Obama had invited Modi to the US when he called up the PM to congratulate him, The Times of India reports.
Significantly, the meeting won't happen on the sidelines of the United Nations general assembly in New York but in the form of a full-fledged bilateral summit in Washington.
The two sides are finalising the date for the meeting which will be in the last week of September, TOI has learnt.
The Modi-Obama summit promises to be one of the foremost international events of the year and will overshadow Modi's presence at UNGA, if he decides to go to New York too.
In taking the decision, Modi has shown that his own predilections, if any, won't come in the way of ties with the US.
He has, in fact, acted with alacrity and decisiveness on what many believe is going to be one of the biggest immediate challenges for India's foreign policy — that of mending India-US ties which had tapered off under UPA-2 and then nosedived with l'affaire Khobragade.
Modi's decision underlines the significance of the US in India's strategic matrix.

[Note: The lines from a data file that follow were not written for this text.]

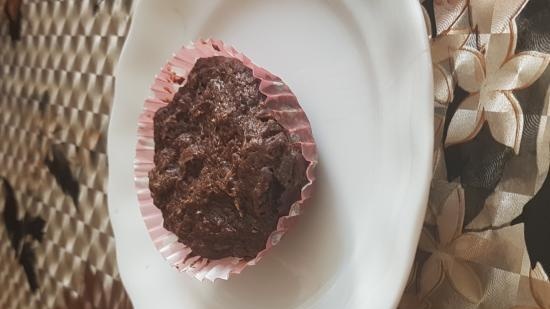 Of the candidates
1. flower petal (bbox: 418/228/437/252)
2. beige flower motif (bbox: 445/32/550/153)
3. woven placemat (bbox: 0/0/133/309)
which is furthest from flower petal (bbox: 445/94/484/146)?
woven placemat (bbox: 0/0/133/309)

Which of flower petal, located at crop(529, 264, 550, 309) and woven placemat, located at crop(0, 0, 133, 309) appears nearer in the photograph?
flower petal, located at crop(529, 264, 550, 309)

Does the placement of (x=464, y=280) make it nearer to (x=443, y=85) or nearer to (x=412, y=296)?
(x=412, y=296)

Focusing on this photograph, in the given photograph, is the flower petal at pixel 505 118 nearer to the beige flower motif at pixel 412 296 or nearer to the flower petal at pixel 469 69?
the flower petal at pixel 469 69

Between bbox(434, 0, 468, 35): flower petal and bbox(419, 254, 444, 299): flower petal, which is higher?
bbox(434, 0, 468, 35): flower petal

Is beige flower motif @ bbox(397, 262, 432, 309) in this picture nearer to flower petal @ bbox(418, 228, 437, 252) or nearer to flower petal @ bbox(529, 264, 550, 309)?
flower petal @ bbox(418, 228, 437, 252)

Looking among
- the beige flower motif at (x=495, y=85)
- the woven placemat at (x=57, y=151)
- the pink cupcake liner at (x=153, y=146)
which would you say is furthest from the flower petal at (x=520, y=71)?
the woven placemat at (x=57, y=151)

There was speculation that Modi could focus more on China and South Korea for economic gains and on an improved security partnership with Japan but these are not likely to come at the expense of Washington.
Modi was thought to be inadequately equipped to mend India-US ties because — as some reckoned — he could find it difficult to come to terms with the US hostility towards him after the 2002 Gujarat riots, and the resultant revocation of his US visa. He remained the only person to be barred from traveling to the US for many years under the country's controversial International Religious Freedom Act.

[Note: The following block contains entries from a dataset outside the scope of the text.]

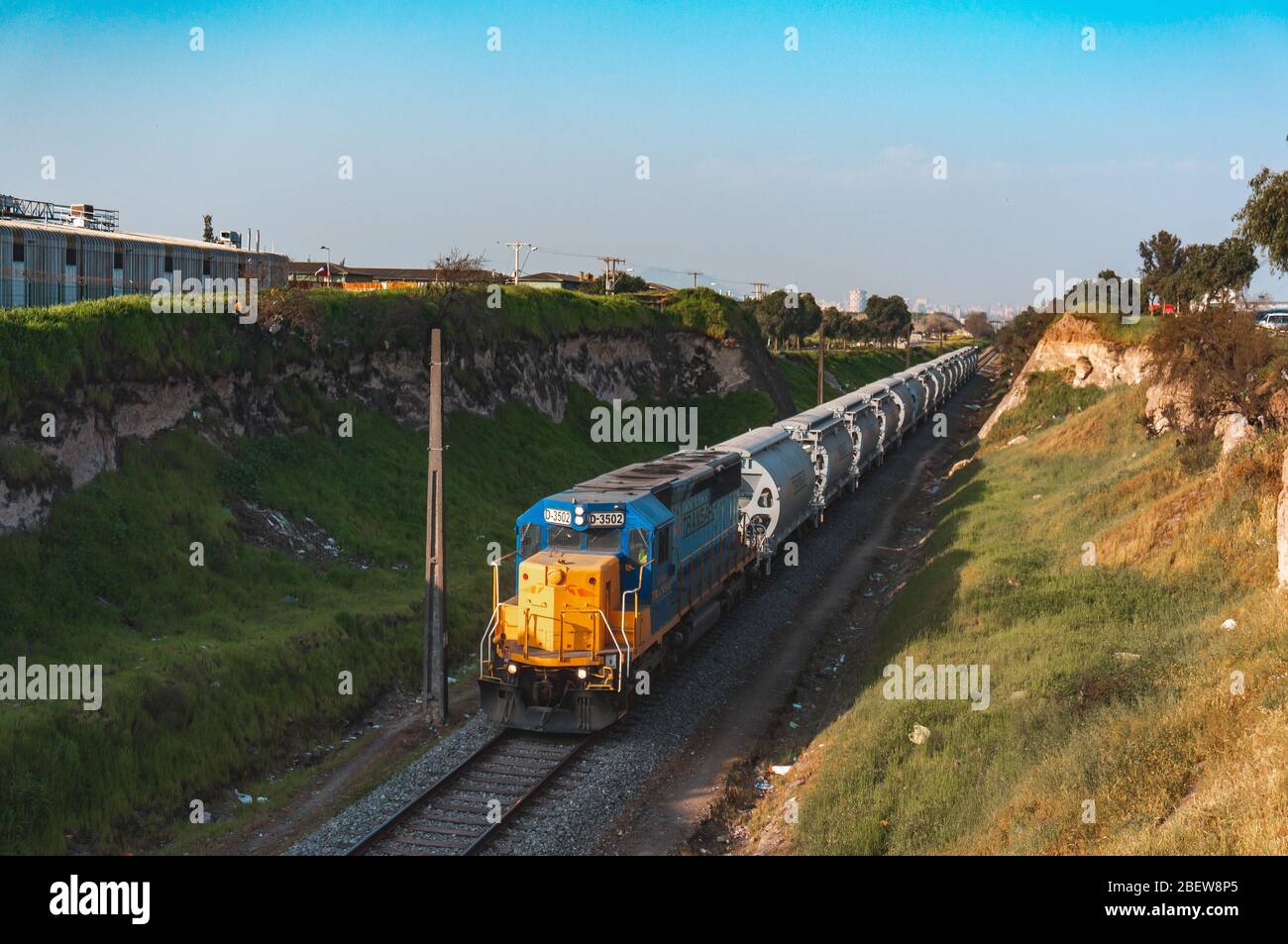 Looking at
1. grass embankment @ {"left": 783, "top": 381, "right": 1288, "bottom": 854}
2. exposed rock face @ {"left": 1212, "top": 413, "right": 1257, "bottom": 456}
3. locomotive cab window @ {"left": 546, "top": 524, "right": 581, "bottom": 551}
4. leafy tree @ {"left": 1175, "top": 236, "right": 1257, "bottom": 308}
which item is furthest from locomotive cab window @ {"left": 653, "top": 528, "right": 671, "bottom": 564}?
leafy tree @ {"left": 1175, "top": 236, "right": 1257, "bottom": 308}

While the UK and EU were quick off the blocks in reaching out to Modi, US was late in responding, but once it did in the form of a meeting former US ambassador Nancy Powell sought with him, Modi has been generous in his response.
In an interview to TOI, before he took over as PM, Modi had said that relations between the two countries cannot be allowed to be "even remotely" influenced by incidents related to individuals.
Describing the US as a natural ally, he said it was in the interest of both countries to further develop the relationship.
Modi's decision to confirm the Obama bilateral is also the second big surprise he has sprung on his detractors who thought he would be straightjacketed by his own election campaign, and the baggage he was supposed to have come with on relations with the US.
Despite Pakistan featuring in his speeches, and his admonition of UPA for its 'biryani' diplomacy, Modi successfully invited Pakistan PM Nawaz Sharif for his swearing in.